2The respondent denied the applicant's claims for a non-earner benefit and certain medical benefits. The applicant has applied to the Licence Appeal Tribunal ("Tribunal") for resolution of the dispute.
ISSUES
3The issues to be decided are:
a. Is the applicant entitled to a non-earner benefit in the amount $185.00 per week from April 11, 2017 to date and ongoing?
b. Is the applicant entitled to a medical benefit in the amount of $5,377.66 for physiotherapy recommended by Total Recovery Rehab in a treatment plan (OCF-18) submitted on February 28, 2019 and denied on April 30, 2019?
c. Is the respondent liable to pay an award under Regulation 664 because it unreasonably withheld or delayed payments to the applicant?
d. Is the applicant entitled to interest on any overdue payment of benefits?
RESULT
4The applicant has proven entitlement to the disputed physiotherapy. Although the applicant has not established that he suffers a complete inability to carry on a normal life, the respondent is liable to pay the applicant a non-earner benefit in the amount of $185.00 per week from April 11, 2017 to September 27, 2017 for failing to respond to the applicant's claim within the timelines prescribed by s. 36 of the Schedule. Interest is payable on the benefits owing and shall be calculated in accordance with s. 51 of the Schedule. There is no basis for an award.
ANALYSIS
The applicant does not meet the disability test for a non-earner benefit
5The disability test for a non-earner benefit is set out in s. 12(1) of the Schedule. To be eligible for this benefit, an applicant must prove, on a balance of probabilities, that as a result of and within 104 weeks of the accident, he suffers a "complete inability to carry on a normal life."

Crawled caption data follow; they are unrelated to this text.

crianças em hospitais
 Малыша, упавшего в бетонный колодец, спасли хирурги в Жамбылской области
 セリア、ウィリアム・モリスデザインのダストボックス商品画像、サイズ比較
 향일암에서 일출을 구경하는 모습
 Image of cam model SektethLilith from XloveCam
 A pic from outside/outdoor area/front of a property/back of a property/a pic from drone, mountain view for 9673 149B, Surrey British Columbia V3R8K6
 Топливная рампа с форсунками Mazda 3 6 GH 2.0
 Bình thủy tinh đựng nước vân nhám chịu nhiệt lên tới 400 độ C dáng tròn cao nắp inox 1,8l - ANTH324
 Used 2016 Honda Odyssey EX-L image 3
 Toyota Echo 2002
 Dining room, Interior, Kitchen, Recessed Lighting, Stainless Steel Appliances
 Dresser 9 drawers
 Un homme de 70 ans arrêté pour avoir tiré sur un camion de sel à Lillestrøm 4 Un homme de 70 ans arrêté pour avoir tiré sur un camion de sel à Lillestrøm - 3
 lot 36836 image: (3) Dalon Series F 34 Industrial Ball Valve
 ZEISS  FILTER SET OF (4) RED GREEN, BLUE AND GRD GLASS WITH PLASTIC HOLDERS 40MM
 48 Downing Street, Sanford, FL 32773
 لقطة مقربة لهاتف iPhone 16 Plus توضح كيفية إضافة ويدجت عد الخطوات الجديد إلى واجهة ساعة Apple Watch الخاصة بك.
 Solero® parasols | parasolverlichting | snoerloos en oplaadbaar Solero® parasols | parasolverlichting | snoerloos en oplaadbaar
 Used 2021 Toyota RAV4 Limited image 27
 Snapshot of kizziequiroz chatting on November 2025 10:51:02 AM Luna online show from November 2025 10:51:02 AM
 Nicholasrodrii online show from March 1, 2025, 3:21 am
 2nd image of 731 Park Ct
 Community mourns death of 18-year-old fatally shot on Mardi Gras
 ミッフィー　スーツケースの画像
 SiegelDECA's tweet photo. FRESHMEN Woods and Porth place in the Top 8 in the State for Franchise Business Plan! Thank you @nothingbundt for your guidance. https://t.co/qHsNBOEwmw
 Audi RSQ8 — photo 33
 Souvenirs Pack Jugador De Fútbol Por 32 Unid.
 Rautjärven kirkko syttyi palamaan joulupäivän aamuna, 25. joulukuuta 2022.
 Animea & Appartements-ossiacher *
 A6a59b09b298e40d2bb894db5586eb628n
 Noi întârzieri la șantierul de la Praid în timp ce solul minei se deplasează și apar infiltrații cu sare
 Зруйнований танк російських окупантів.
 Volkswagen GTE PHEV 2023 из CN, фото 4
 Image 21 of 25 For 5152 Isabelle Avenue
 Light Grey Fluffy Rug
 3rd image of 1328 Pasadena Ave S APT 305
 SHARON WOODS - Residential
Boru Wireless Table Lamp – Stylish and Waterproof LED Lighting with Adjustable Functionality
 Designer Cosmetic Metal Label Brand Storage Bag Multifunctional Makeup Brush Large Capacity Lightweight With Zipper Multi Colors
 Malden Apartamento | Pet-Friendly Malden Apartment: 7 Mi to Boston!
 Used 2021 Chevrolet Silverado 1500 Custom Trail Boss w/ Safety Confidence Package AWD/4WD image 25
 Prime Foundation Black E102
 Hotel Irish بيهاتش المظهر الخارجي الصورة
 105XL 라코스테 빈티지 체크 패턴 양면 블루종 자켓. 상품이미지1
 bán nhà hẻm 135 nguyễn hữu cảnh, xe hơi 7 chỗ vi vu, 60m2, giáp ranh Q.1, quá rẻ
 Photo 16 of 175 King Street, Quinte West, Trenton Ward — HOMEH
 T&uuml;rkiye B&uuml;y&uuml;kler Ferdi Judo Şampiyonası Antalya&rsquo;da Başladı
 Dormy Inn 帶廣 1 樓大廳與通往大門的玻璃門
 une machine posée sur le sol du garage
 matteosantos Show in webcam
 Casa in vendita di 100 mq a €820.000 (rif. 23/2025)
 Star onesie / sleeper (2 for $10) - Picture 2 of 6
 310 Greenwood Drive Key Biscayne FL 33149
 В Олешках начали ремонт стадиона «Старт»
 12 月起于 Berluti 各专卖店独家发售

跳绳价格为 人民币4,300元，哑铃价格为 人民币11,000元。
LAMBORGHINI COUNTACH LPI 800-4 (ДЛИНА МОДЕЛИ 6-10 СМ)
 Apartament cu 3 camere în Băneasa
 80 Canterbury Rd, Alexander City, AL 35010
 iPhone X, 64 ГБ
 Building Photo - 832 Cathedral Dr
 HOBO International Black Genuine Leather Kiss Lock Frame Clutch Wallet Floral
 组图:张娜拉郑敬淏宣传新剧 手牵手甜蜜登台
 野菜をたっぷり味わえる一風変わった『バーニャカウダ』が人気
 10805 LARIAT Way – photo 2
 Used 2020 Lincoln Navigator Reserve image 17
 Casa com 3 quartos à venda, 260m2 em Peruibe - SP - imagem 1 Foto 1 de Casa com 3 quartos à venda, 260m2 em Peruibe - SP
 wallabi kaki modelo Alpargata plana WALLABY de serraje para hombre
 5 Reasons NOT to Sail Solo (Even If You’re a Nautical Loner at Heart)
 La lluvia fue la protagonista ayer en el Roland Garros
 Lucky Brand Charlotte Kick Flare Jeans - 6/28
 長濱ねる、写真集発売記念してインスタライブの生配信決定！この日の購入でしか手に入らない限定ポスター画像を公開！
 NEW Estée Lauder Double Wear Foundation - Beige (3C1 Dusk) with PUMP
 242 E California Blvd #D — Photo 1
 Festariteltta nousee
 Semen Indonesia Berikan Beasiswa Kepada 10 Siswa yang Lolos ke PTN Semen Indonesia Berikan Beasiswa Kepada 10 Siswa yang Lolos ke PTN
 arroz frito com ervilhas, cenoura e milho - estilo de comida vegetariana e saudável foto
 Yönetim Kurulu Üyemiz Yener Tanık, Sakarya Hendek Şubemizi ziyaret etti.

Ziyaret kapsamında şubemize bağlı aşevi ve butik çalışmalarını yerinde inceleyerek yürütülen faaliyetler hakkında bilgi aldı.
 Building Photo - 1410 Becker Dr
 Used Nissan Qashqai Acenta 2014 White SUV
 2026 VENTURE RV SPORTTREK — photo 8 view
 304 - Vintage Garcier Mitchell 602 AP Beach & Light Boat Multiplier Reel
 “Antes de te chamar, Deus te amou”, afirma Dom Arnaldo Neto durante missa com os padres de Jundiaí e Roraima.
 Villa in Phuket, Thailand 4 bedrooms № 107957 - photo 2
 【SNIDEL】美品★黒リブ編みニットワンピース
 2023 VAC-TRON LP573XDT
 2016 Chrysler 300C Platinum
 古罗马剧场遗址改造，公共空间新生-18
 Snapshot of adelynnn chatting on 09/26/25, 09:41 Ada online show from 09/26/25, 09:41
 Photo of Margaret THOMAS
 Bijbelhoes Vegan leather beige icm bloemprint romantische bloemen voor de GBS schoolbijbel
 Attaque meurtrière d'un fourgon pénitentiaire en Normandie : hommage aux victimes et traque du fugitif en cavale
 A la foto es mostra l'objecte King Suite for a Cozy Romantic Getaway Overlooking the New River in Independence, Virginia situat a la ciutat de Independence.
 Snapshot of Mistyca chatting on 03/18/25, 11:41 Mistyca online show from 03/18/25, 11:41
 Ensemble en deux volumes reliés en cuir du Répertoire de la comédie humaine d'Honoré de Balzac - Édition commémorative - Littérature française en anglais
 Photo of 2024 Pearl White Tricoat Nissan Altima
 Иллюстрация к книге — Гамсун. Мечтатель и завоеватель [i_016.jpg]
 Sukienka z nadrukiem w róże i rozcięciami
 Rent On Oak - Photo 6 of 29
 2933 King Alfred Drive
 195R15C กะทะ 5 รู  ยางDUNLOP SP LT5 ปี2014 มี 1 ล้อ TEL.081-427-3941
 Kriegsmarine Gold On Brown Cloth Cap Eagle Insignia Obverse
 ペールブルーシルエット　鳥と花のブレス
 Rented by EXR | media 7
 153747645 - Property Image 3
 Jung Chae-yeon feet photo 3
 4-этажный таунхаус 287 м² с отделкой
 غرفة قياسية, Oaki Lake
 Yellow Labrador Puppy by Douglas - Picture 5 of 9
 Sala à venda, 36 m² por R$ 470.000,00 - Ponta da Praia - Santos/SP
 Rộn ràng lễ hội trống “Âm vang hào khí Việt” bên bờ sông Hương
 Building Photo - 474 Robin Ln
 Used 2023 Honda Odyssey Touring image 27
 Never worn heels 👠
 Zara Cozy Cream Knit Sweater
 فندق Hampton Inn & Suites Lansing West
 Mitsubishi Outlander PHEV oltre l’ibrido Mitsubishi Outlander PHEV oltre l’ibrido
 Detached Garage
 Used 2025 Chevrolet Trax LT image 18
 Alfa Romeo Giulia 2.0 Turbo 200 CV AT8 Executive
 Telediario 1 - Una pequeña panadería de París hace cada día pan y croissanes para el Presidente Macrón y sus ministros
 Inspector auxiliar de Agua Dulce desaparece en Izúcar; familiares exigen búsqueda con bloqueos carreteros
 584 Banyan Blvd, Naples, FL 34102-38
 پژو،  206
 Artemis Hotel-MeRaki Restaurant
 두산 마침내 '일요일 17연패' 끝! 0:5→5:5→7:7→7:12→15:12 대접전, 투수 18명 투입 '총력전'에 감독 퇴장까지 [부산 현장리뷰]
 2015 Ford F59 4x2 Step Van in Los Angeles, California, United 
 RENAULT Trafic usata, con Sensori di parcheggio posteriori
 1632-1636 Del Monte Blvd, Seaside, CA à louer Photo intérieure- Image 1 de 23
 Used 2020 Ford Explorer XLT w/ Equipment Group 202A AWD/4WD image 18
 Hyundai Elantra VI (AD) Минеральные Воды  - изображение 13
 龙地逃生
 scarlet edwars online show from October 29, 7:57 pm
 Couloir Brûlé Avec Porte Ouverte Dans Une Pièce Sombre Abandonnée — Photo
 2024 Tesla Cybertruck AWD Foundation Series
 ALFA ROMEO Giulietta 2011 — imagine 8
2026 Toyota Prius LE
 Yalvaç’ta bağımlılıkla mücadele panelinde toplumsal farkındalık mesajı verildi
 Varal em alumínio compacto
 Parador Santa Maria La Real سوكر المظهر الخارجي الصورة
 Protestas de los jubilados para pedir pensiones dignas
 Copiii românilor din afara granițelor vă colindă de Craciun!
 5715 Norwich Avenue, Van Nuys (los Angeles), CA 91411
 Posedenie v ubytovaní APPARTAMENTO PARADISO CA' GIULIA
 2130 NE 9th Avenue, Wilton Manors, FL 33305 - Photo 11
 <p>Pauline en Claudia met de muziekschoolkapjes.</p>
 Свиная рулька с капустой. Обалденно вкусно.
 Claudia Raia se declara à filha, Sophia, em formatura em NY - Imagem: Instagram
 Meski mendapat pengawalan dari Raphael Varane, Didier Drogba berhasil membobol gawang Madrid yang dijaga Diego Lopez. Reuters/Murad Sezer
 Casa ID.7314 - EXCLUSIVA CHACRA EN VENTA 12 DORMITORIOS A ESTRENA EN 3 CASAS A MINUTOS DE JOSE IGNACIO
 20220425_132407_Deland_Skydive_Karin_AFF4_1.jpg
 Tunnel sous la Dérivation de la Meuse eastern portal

6Section 3(7)(a) of the Schedule provides that a person suffers a complete inability to carry on a normal life as a result of an accident if, as a result of the accident, the person sustains an impairment that continuously prevents the person from engaging in substantially all of the activities in which the person ordinarily engaged before the accident.
7In Heath v. Economical Mutual Insurance Company ["Heath"],2 the Ontario Court of Appeal set out general principles to assist triers of fact in interpreting and applying the non-earner benefit provisions. Heath urges a claimant-focused inquiry that reflects the high threshold created by the language of the Schedule.
8This interpretive approach starts with a comparison of the claimant's activities and life circumstances over a reasonable period before and after the accident. A "reasonable" time period pre-accident will depend on the facts of each case, but more than a "snapshot" will be required. While all the claimant's ordinary pre-accident activities should be considered, greater weight may be assigned to those activities which the claimant identifies as being important to their pre-accident life.
9To establish a "complete inability to carry on a normal life," the claimant must also prove an uninterrupted accident-related disability or incapacity. But the phrase "engaging in" is to be interpreted qualitatively. Merely "going through the motions" of an activity will not amount to engaging in it.
10An application of the Heath principles to this case is hampered by the lack of evidence detailing the applicant's pre-accident circumstances and activities. The record provides an insufficient basis for a finding of continuous impairment in all areas of the applicant's life.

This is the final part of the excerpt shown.